I know how to model a state machine with a flow chart, it make sense.

But I’m designing an API to control websockets and manage a web websocket service via HTTP similar to pushpin. So I have at least 4 state machines. But then there’s the events and commands that get sent around that change state and I’m at a complete loss of how to model that.

I can muddle through in my head but, I want to prove it out somehow. Anyone have any experience modeling state in a distributed system?

I have at least 4 types of actors.
- API Gateway and it's connection state
- The lambda’s it executes when connections have activity (open, message, disconnect)
- Your application getting a http request to notify you of events and get commands
- and the commands you send to the control api anytime

The last three could have any number of them running at a time

And then I got quirks of api gateway which suck for application developers (one reason I'm not using it directly and building this service)

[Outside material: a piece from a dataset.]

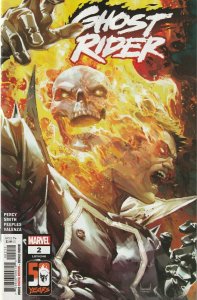 Ghost Rider # 2 Cover A NM Marvel 2022 [F8]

You have an open callback, and you can reject the connection or accept it, by the return of the callback. So you can't actually do any work (eg, sending messages) in this callback and you have to do the work after it returns. But how do you know if it's returned?

So you have to queue the work and poll to see if the connection exists and then do the work. Its possible the connection has been closed too, so you need to poll for a timeout before giving up and throwing away the work.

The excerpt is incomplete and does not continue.